» **Material provided**:
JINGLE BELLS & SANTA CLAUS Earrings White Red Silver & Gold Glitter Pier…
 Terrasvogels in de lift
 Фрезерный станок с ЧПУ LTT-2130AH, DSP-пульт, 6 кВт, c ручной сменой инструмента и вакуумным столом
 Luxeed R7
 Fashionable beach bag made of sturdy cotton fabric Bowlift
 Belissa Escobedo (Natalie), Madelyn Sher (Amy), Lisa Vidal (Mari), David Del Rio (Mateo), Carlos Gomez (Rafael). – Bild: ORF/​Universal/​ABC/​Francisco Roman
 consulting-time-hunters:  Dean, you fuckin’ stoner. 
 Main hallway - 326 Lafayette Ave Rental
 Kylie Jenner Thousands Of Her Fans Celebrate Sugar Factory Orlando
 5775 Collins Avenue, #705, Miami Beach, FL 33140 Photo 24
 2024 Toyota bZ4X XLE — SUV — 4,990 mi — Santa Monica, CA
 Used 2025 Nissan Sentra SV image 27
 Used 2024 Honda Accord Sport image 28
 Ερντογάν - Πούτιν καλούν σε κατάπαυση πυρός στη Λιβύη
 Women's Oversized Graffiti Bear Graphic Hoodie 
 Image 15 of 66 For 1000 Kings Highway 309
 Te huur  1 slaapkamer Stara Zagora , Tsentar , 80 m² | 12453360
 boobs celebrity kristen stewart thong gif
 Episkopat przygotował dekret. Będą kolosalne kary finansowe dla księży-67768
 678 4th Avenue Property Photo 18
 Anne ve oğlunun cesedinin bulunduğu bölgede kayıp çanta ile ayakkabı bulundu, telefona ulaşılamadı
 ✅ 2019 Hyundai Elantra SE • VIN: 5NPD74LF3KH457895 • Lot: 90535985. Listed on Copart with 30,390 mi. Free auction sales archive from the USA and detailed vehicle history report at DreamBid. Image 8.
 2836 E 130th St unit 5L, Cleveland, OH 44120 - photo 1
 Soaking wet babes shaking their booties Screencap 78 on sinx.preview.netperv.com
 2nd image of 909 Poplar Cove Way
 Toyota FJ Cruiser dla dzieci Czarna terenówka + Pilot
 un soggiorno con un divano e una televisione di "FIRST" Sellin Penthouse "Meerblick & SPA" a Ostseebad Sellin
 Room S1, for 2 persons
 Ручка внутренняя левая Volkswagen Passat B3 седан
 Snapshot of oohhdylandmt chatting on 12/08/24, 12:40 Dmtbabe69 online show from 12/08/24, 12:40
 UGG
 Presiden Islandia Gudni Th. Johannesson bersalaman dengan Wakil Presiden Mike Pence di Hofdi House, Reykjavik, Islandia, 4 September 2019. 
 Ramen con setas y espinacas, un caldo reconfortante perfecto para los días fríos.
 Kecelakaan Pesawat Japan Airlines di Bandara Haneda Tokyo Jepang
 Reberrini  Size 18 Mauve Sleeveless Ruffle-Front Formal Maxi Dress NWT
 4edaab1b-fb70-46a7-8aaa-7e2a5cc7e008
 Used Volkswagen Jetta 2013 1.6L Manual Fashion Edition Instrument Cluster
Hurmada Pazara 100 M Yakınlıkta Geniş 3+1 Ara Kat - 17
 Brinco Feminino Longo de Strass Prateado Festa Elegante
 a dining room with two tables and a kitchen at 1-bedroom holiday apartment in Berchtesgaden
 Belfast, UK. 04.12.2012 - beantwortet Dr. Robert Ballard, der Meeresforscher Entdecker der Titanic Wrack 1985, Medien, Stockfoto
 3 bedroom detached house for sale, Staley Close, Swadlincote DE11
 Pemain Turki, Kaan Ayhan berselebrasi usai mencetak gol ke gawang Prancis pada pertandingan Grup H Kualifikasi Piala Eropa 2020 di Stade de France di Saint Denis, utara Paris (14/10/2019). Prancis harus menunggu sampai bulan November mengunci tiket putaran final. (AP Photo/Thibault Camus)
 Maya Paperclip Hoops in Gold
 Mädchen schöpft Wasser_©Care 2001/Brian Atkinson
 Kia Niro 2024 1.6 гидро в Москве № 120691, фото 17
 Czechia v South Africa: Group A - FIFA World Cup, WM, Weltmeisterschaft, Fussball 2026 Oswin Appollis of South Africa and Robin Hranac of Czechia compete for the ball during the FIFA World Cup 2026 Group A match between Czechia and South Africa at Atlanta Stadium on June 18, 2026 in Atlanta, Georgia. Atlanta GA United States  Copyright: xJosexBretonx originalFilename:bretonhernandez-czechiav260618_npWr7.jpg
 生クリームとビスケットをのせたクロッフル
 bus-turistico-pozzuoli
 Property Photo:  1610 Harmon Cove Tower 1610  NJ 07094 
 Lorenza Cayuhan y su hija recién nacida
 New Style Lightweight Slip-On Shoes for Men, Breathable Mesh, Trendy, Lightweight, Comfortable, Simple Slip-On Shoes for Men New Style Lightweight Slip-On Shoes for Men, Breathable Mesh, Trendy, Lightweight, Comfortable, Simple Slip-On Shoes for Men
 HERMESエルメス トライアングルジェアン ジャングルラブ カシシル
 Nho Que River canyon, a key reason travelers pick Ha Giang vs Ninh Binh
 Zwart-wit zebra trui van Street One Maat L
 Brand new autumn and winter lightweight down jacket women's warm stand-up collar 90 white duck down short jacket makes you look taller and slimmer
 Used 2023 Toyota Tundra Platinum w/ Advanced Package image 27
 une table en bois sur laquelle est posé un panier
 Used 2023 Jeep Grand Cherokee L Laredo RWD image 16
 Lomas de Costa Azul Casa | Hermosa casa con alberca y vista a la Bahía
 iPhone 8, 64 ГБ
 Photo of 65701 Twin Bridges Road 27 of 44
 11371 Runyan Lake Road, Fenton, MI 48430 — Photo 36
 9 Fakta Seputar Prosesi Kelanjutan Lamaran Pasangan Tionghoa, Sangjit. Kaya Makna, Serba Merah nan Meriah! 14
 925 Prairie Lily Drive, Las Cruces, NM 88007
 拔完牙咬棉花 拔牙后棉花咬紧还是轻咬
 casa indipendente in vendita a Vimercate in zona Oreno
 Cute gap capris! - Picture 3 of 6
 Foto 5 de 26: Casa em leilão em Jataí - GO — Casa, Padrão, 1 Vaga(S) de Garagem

» **Aim of the exercise**: Show me each line of the listing above with "Volkswagen" in it.

» **Solution for this task**:
 Ручка внутренняя левая Volkswagen Passat B3 седан
 Used Volkswagen Jetta 2013 1.6L Manual Fashion Edition Instrument Cluster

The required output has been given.